From 2d1783bfb16587f4870c3815dc58dbb3fc29312c Mon Sep 17 00:00:00 2001
From: Chengbin Hou <chengbin.hou10@foxmail.com>
Date: Fri, 30 Nov 2018 21:32:14 +0000
Subject: [PATCH] format

---
 src/libnrl/downstream.py | 27 ++++++++-------------------
 src/libnrl/utils.py      | 18 ++++++++----------
 src/main.py              | 35 +++++++++++++++++------------------
 3 files changed, 33 insertions(+), 47 deletions(-)
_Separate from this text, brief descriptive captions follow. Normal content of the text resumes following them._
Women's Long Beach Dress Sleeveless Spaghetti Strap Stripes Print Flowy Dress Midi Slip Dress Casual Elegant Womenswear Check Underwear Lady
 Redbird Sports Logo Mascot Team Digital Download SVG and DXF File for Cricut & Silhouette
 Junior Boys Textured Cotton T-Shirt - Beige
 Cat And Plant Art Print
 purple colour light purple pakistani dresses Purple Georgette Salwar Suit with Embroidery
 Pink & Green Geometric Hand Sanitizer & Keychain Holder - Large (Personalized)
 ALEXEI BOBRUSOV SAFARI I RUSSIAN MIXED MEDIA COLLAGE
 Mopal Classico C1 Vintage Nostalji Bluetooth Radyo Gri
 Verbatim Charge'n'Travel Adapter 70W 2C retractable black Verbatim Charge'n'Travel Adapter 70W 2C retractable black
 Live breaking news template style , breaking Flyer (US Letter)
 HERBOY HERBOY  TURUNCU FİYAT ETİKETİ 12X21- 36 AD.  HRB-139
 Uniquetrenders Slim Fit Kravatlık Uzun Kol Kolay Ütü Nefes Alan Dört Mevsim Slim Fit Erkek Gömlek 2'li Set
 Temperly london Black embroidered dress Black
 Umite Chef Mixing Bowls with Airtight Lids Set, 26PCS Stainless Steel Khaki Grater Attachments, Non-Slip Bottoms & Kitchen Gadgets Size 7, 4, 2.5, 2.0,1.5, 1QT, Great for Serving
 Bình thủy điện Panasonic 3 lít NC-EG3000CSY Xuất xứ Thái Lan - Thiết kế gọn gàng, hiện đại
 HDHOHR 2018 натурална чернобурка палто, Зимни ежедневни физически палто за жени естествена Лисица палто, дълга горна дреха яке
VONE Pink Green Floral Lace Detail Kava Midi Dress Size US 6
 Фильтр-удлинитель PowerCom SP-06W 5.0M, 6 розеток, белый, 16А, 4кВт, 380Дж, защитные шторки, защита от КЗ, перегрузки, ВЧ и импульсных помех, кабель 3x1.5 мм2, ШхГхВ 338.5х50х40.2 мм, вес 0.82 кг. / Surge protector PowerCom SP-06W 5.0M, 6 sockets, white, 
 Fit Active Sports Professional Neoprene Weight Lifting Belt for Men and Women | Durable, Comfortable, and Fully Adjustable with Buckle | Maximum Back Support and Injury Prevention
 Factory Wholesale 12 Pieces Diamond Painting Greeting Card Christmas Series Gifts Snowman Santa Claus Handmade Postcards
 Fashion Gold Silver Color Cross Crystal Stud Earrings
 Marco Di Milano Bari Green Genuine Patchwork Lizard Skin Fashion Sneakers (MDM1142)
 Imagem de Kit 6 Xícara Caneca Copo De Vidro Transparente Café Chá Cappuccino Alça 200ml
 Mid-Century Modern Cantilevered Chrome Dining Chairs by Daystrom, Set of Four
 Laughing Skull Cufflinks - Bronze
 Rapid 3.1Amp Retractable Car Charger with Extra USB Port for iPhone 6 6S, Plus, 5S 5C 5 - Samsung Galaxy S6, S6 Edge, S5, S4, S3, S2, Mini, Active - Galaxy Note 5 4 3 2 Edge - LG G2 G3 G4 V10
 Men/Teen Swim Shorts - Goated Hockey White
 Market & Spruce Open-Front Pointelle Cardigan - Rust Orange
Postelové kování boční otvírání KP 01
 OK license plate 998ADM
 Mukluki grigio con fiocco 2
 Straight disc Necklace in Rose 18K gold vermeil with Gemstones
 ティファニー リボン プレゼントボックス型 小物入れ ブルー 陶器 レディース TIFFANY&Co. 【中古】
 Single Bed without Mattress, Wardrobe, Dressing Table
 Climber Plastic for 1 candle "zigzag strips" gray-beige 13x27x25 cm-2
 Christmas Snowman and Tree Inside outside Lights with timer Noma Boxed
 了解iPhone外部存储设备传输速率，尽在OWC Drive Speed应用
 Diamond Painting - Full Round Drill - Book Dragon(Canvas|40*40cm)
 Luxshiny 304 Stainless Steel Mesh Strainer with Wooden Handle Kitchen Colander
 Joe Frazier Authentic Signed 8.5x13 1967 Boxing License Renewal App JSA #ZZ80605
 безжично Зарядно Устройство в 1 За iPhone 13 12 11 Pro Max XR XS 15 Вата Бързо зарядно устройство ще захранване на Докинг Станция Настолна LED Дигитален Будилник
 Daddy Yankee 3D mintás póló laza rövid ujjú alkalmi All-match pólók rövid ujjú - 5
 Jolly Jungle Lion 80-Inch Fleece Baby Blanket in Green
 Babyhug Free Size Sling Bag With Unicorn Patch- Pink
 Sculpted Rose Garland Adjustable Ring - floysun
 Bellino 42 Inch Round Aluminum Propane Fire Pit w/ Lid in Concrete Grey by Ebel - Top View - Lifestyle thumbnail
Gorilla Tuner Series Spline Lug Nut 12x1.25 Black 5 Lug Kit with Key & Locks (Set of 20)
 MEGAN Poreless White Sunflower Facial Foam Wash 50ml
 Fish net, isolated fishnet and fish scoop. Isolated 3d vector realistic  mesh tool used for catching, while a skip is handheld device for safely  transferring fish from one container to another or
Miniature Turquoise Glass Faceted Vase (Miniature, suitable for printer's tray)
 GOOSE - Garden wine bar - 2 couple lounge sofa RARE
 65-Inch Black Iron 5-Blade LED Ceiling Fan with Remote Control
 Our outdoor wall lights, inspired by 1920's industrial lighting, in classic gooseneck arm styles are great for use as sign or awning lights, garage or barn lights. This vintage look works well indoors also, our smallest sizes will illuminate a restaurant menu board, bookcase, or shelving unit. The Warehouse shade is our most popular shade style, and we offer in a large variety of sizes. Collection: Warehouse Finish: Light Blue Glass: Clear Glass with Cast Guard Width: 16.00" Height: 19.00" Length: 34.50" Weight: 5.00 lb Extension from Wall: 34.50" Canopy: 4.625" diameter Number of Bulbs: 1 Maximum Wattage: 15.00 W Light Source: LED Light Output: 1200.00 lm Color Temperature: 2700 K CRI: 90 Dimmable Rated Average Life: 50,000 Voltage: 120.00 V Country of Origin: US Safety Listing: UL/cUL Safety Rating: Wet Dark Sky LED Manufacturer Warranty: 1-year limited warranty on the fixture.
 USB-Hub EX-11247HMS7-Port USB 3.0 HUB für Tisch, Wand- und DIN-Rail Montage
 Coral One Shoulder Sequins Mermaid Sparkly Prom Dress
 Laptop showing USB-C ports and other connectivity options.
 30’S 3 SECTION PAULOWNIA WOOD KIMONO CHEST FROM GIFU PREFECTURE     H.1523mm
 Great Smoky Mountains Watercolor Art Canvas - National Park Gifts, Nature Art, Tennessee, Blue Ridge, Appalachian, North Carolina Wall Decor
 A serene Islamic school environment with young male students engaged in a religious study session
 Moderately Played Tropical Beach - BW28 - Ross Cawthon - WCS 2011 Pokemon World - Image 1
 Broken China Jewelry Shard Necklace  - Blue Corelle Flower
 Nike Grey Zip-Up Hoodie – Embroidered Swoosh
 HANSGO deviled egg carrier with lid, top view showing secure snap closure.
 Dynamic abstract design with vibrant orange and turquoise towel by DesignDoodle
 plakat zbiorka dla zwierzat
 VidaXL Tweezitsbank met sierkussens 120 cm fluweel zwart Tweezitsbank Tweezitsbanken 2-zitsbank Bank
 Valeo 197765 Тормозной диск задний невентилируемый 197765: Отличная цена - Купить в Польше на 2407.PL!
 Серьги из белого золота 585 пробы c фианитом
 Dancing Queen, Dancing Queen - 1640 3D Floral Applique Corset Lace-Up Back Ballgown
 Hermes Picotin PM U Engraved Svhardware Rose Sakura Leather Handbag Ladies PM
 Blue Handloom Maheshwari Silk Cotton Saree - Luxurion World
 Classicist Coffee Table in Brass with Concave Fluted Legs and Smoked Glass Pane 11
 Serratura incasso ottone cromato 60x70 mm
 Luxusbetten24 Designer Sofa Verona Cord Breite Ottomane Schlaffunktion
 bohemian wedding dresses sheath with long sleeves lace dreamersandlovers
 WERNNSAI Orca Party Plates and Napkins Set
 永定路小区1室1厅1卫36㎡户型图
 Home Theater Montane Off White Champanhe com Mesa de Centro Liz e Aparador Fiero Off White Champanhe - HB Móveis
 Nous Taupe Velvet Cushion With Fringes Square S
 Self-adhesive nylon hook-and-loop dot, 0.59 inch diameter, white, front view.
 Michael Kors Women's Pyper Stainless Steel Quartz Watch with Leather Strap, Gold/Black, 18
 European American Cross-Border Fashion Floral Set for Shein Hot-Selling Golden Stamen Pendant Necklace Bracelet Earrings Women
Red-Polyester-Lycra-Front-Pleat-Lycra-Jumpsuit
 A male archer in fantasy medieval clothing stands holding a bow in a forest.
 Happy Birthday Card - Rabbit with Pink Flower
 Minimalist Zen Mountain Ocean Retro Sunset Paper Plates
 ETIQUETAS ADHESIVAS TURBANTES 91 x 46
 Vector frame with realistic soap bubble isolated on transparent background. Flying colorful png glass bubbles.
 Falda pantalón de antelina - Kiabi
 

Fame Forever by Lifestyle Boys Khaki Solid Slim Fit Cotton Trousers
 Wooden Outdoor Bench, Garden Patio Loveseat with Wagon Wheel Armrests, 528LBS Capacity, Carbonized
diff --git a/src/libnrl/downstream.py b/src/libnrl/downstream.py
index 7a035e4..9199fff 100644
--- a/src/libnrl/downstream.py
+++ b/src/libnrl/downstream.py
@@ -1,26 +1,18 @@
-# -*- coding: utf-8 -*-
-from __future__ import print_function
+"""
+downstream tasks; each task is a class;
+by Chengbin Hou & Zeyu Dong
+"""
 
 import math
 import random
-import warnings
 
 import numpy as np
 from sklearn.metrics import f1_score, roc_auc_score
 from sklearn.multiclass import OneVsRestClassifier
 from sklearn.preprocessing import MultiLabelBinarizer
 
-warnings.filterwarnings(action='ignore', category=UserWarning, module='sklearn')
-
-'''
-#-----------------------------------------------------------------------------
-# by Chengbin Hou 2018
-# Email: Chengbin.Hou10@foxmail.com
-#-----------------------------------------------------------------------------
-'''
-
-# node classification classifier
 
+# ------------------node classification task---------------------------
 
 class ncClassifier(object):
 
@@ -68,8 +60,6 @@ class ncClassifier(object):
             results[average] = f1_score(Y, Y_, average=average)
         print(results)
         return results
-
-
 class TopKRanker(OneVsRestClassifier):  # orignal LR or SVM is for binary clf
     def predict(self, X, top_k_list):  # re-define predict func of OneVsRestClassifier
         probs = np.asarray(super(TopKRanker, self).predict_proba(X))
@@ -84,7 +74,7 @@ class TopKRanker(OneVsRestClassifier):  # orignal LR or SVM is for binary clf
         return np.asarray(all_labels)
 
 
-# link prediction binary classifier
+# ------------------link prediction task---------------------------
 class lpClassifier(object):
 
     def __init__(self, vectors):
@@ -110,21 +100,19 @@ class lpClassifier(object):
             roc = 1.0 - roc  # since lp is binary clf task, just predict the opposite if<0.5
         print("roc=", "{:.9f}".format(roc))
 
-
 def norm(a):
     sum = 0.0
     for i in range(len(a)):
         sum = sum + a[i] * a[i]
     return math.sqrt(sum)
 
-
 def cosine_similarity(a, b):
     sum = 0.0
     for i in range(len(a)):
         sum = sum + a[i] * b[i]
     return sum / (norm(a) * norm(b) + 1e-100)
 
-
+'''
 def lp_train_test_split(graph, ratio=0.8, neg_pos_link_ratio=1.0):
     # randomly split links/edges into training set and testing set
     # *** note: we do not assume every node must be connected after removing links
@@ -166,3 +154,4 @@ def lp_train_test_split(graph, ratio=0.8, neg_pos_link_ratio=1.0):
     print("# training links {0}; # positive testing links {1}; # negative testing links {2},".format(
         g.numDiEdges(), len(test_pos_sample), len(test_neg_sample)))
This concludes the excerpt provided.